→ **How to complete this task**: Lines to return, exactly: from the line with "GTAV premium edition PS4" to the line with "Top 10 Películas De Los 70s En Disney" in the entries below, both included.

→ **Records for the exercise**:
○ ○ ○

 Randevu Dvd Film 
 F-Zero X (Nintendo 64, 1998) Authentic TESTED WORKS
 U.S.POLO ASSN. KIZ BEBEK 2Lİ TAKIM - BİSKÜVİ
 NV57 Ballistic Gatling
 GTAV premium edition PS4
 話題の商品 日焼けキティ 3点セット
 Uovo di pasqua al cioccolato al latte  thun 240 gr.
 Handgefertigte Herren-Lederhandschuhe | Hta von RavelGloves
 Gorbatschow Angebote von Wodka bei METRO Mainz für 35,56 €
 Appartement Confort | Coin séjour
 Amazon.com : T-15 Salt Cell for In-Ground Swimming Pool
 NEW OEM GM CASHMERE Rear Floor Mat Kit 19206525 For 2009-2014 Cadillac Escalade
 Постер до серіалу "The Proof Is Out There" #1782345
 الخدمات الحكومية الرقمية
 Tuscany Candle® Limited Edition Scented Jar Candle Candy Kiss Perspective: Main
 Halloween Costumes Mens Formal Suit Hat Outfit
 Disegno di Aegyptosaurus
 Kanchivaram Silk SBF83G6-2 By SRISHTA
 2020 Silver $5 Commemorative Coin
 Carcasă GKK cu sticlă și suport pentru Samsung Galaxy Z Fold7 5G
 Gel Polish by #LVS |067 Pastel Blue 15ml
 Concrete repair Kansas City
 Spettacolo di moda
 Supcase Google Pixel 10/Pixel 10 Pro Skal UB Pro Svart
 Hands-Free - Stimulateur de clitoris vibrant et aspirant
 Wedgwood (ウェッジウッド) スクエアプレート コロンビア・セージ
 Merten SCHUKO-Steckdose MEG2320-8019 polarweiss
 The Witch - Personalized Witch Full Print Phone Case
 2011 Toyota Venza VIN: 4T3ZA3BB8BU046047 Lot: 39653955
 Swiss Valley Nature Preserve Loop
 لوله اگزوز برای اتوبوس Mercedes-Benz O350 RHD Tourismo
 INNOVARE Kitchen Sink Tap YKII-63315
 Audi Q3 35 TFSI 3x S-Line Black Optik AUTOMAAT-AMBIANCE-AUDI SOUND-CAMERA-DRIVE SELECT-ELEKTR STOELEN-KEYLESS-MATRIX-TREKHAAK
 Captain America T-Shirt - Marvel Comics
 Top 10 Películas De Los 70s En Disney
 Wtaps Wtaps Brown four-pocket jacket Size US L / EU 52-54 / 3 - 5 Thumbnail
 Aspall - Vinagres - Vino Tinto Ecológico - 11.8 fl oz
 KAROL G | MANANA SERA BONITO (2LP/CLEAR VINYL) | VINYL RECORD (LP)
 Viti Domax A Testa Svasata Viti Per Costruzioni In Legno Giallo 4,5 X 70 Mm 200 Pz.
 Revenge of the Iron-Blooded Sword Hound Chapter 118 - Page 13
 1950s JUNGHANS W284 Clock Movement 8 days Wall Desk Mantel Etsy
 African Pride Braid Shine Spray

○ ○ ○

→ **Answer section**:
 GTAV premium edition PS4
 話題の商品 日焼けキティ 3点セット
 Uovo di pasqua al cioccolato al latte  thun 240 gr.
 Handgefertigte Herren-Lederhandschuhe | Hta von RavelGloves
 Gorbatschow Angebote von Wodka bei METRO Mainz für 35,56 €
 Appartement Confort | Coin séjour
 Amazon.com : T-15 Salt Cell for In-Ground Swimming Pool
 NEW OEM GM CASHMERE Rear Floor Mat Kit 19206525 For 2009-2014 Cadillac Escalade
 Постер до серіалу "The Proof Is Out There" #1782345
 الخدمات الحكومية الرقمية
 Tuscany Candle® Limited Edition Scented Jar Candle Candy Kiss Perspective: Main
 Halloween Costumes Mens Formal Suit Hat Outfit
 Disegno di Aegyptosaurus
 Kanchivaram Silk SBF83G6-2 By SRISHTA
 2020 Silver $5 Commemorative Coin
 Carcasă GKK cu sticlă și suport pentru Samsung Galaxy Z Fold7 5G
 Gel Polish by #LVS |067 Pastel Blue 15ml
 Concrete repair Kansas City
 Spettacolo di moda
 Supcase Google Pixel 10/Pixel 10 Pro Skal UB Pro Svart
 Hands-Free - Stimulateur de clitoris vibrant et aspirant
 Wedgwood (ウェッジウッド) スクエアプレート コロンビア・セージ
 Merten SCHUKO-Steckdose MEG2320-8019 polarweiss
 The Witch - Personalized Witch Full Print Phone Case
 2011 Toyota Venza VIN: 4T3ZA3BB8BU046047 Lot: 39653955
 Swiss Valley Nature Preserve Loop
 لوله اگزوز برای اتوبوس Mercedes-Benz O350 RHD Tourismo
 INNOVARE Kitchen Sink Tap YKII-63315
 Audi Q3 35 TFSI 3x S-Line Black Optik AUTOMAAT-AMBIANCE-AUDI SOUND-CAMERA-DRIVE SELECT-ELEKTR STOELEN-KEYLESS-MATRIX-TREKHAAK
 Captain America T-Shirt - Marvel Comics
 Top 10 Películas De Los 70s En Disney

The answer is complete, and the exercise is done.